Когда Флинт подрос, Фло разрешила Фифи играть с ним. И та сидела теперь рядом и теребила его пальчики. Вдруг Флинт тихо заскулил – видимо, Фифи сделала ему больно. Фло тотчас же оттолкнула руку дочери и прижала малыша к себе. Расстроенная Фифи надула губы и закачалась взад и вперед, не сводя глаз с Флинта и заложив руки за голову. Однако прошло совсем немного времени, и она снова, на этот раз более осторожно, начала играть с братом.
Детеныш шимпанзе, как и человеческий ребенок, подрастая, становился все более забавным и интересным не только для матери и других членов семьи, но также и для окружающих, включая и нас, исследователей. Та радость, которую мы получали, наблюдая за развитием Флинта и его успехами, могла сравниться, пожалуй, лишь с радостью воспитания собственного сына.
К концу третьего месяца Флинт научился самостоятельно передвигаться на теле матери, цепляясь за ее шерсть и помогая себе руками и ногами. В это же время его потянуло к Фифи, которая уделяла ему все больше и больше внимания. Она даже пыталась оттащить его от матери, но Фло всегда была начеку и всячески препятствовала этому. Правда, она никогда не наказывала дочь, хотя та настойчиво тянула малыша к себе. Иногда Фло просто отталкивала руку дочки или отходила с малышом в сторону. Если же Фифи чересчур упорствовала, Фло, стремясь отвлечь ее внимание от Флинта, начинала обыскивать ее или играть с ней.
От постоянного общения с младшими детьми Фло, казалось, даже помолодела. Мы не раз видели, как она затевала игры с Фиганом и двенадцатилетним Фабеном; она щекотала их или гонялась за ними вокруг ствола дерева, а маленький Флинт висел на ней, уцепившись за шерсть изо всех своих силенок. Однажды в самый разгар возни эта старая самка наклонила лысеющую голову к земле, оттолкнулась ногами и перекувырнулась. Потом, как бы почувствовав, что эта выходка ей не по возрасту, она отошла в сторону, села и с особой тщательностью занялась туалетом Флинта.

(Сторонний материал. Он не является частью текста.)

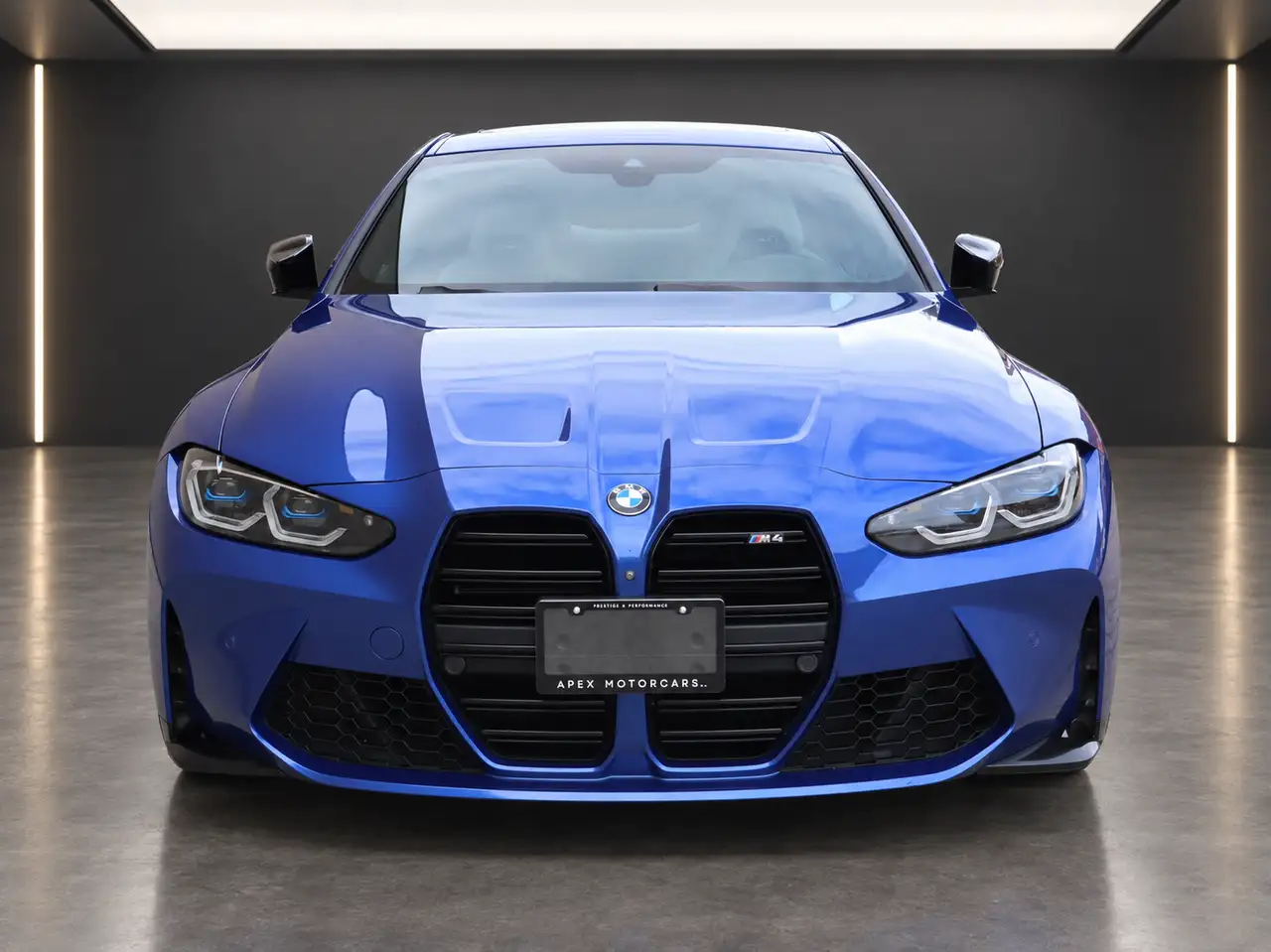 BMW M4 - Image 6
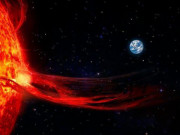 Công nghệ thông tin - NASA, ESA: Pháo vũ trụ siêu cấp “xoay nòng” về phía Trái Đất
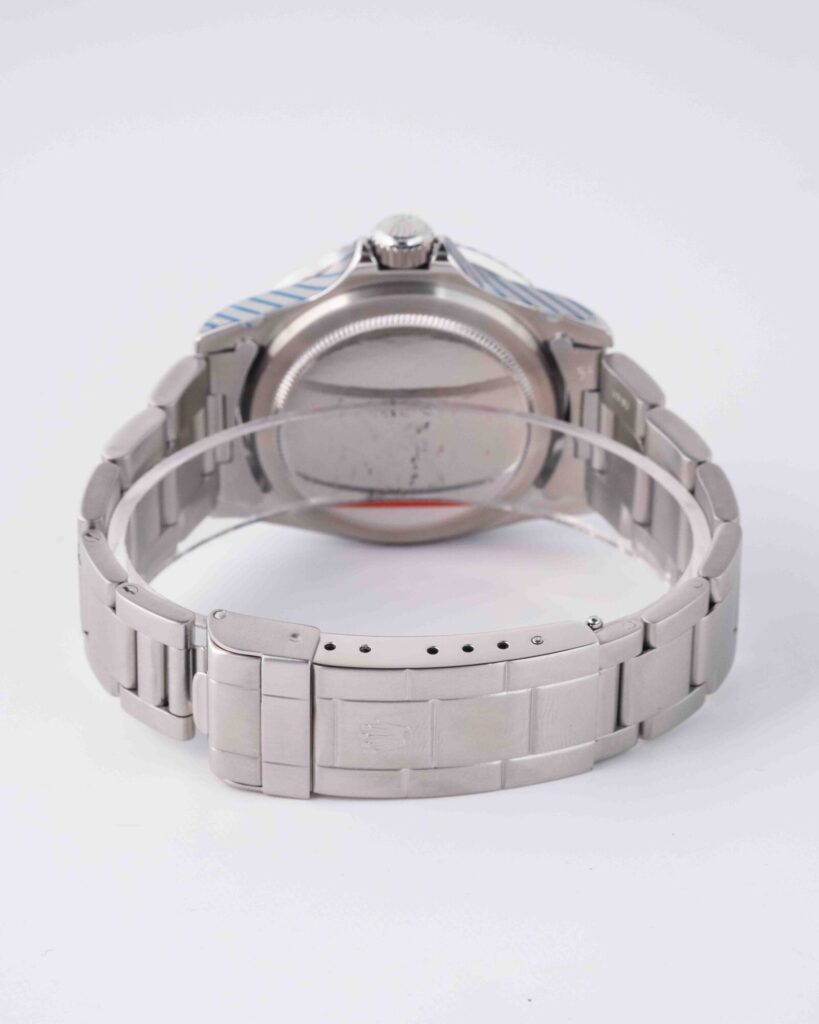 Rolex Submariner 1680 1972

Когда Флинту исполнилось тринадцать недель, Фифи все-таки удалось забрать его у матери. Фло в этот момент была занята обыскиванием Фигана, а Фифи, поймав Флинта за ногу и не спуская глаз с матери, начала осторожно тянуть малыша к себе. Расстояние между ними все сокращалось, и наконец Флинт оказался в объятиях сестрицы: Фифи бережно положила его на живот, обхватила руками и ногами и затихла.
К нашему удивлению, Фло, казалось, ничего не заметила, по крайней мере в первые несколько минут. Но как только Флинт, никогда до этого не расстававшийся с матерью, протянул к ней ручки, скривил губы и издал жалобный и тревожный звук «хуу», Фло решительно забрала его у дочери, прижала к груди и поцеловала в голову. Ища успокоения на груди у матери, Флинт потянулся к соску, но вскоре отвернулся и посмотрел на Фифи, которая сидела рядом, скрестив руки на затылке и выставив локти вперед, и не спускала с брата глаз. Минут через десять Фифи опять взяла Флинта к себе, и снова Фло тотчас же забрала его, как только раздался жалобный писк. А Флинт, как и прежде, почувствовав себя в руках матери в полной безопасности, сразу успокоился и потянулся к груди.
После этого, случая Фифи стала брать малыша все чаще и чаще. Постепенно Флинт привык к ней и подолгу сидел у нее на руках. Иногда Фло даже позволяла дочери нести Флинта, когда они шли всей семьей по лесу.
Если же они путешествовали в составе большой группы, Фло никому не отдавала малыша. Иногда Фифи все же удавалось схватить его, и она стремительно убегала вперед. Фло, повизгивая, догоняла ее и забирала похищенного детеныша. Даже в этих случаях Фло никогда не наказывала Фифи – просто она хватала дочь за лодыжку и отнимала у нее Флинта. Подчас Фло приходилось изрядно побегать вокруг деревьев, поползать под кустами и даже попрыгать по веткам, прежде чем ей удавалось вернуть себе Флинта. Нередко Фифи сама возвращалась к матери, слегка повизгивая и раскачиваясь как бы в знак послушания, но и тогда она все равно не отдавала детеныша по доброй воле.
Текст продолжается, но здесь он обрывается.